Analysis of species richness
We determined species richness for birds and mammals at the camera level and by land-use type for shade coffee and the two types of reference forest. Camera-level richness was calculated within the multi-species occupancy model using a data augmentation approach. We calculated species richness by land-use type using a rarefaction approach because the number of cameras differed across the three land uses. These rarefaction analyses were performed with the package iNEXT (Hsieh et al. 2016), which uses a bootstrap resampling method (bootstrap replicates = 100) and extrapolation sampling curves to estimate an asymptotic species richness. We used the median realized presence/absence (Z) matrix of the multi-species occupancy model, which is an estimate of the observed presence/absence matrix corrected for detection (Dorazio and Royle 2005; Dorazio et al. 2006), as the input for our calculation of richness by land-use type. The Z matrix and the matrix based on naïve occupancy were nearly identical (mismatch between pairs of values = 0.8% for birds, 0.2% for mammals;).

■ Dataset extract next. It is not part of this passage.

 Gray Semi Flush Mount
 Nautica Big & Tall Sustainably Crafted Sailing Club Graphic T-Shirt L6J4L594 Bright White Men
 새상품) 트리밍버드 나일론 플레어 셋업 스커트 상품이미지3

Comparison of species composition between shade coffee and reference forests
To visualize differences in composition of communities among land-use types, we used non-metric multidimensional scaling (NMDS), which measures differences in composition as the variance of distances between the centroids for each land use (i.e., NMDS space). This analysis used a site-by-species presence-absence matrix. To avoid circularity in our analyses, we used the naïve presence-absence matrix and converted it to a pairwise dissimilarity matrix using the Jaccard dissimilarity index in the R package vegan (Oksanen et al. 2016). We subsequently tested for significant differences in community composition across land-use types with a Permutational Multivariate Analysis of Variance (PERMANOVA; Anderson 2017) performed with the function adonis in the vegan package. Because overall differences in composition were significant, we ran a post-hoc permutational pairwise test of significance between land-use types using the RVAideMemoire package (Hervé 2020).